**GIVEN DATA:**

[Start of Attachment]

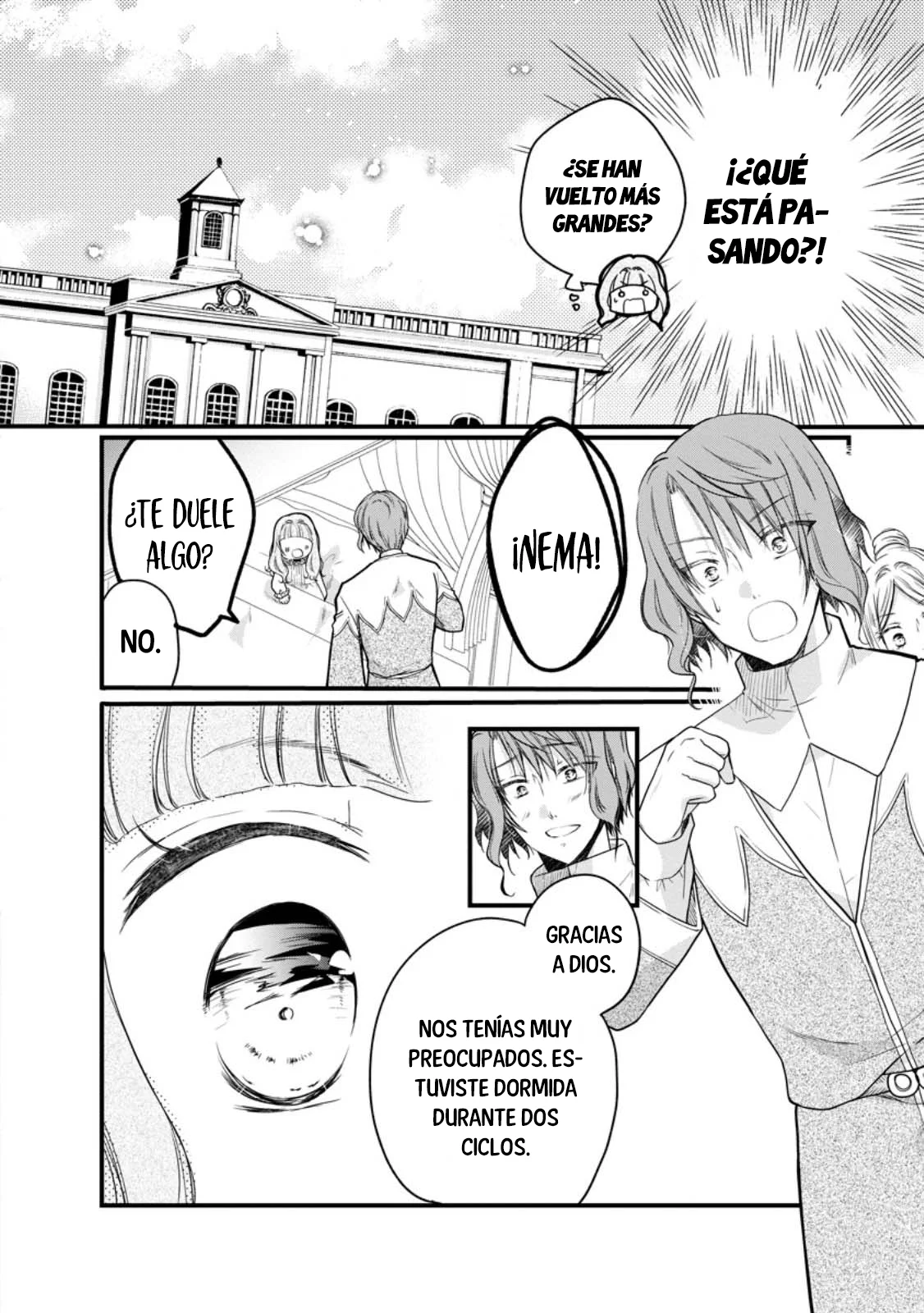 Isekai de Mofumofu Nadenade Suru Tame ni Ganbattemasu Capítulo 54 - Page 5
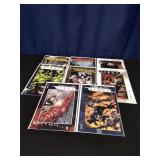 Image Comics, Curse of The Spawn, No. 22-29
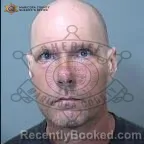 Mugshot of Jason David Bentel booked in Maricopa County, Arizona on June 29, 2026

[End of Attachment]

**TASK DIRECTIONS:**
From the material above, reproduce everything verbatim except the pictures.

**ANSWER TO THIS PROBLEM:**
 Isekai de Mofumofu Nadenade Suru Tame ni Ganbattemasu Capítulo 54 - Page 5
 Image Comics, Curse of The Spawn, No. 22-29
 Mugshot of Jason David Bentel booked in Maricopa County, Arizona on June 29, 2026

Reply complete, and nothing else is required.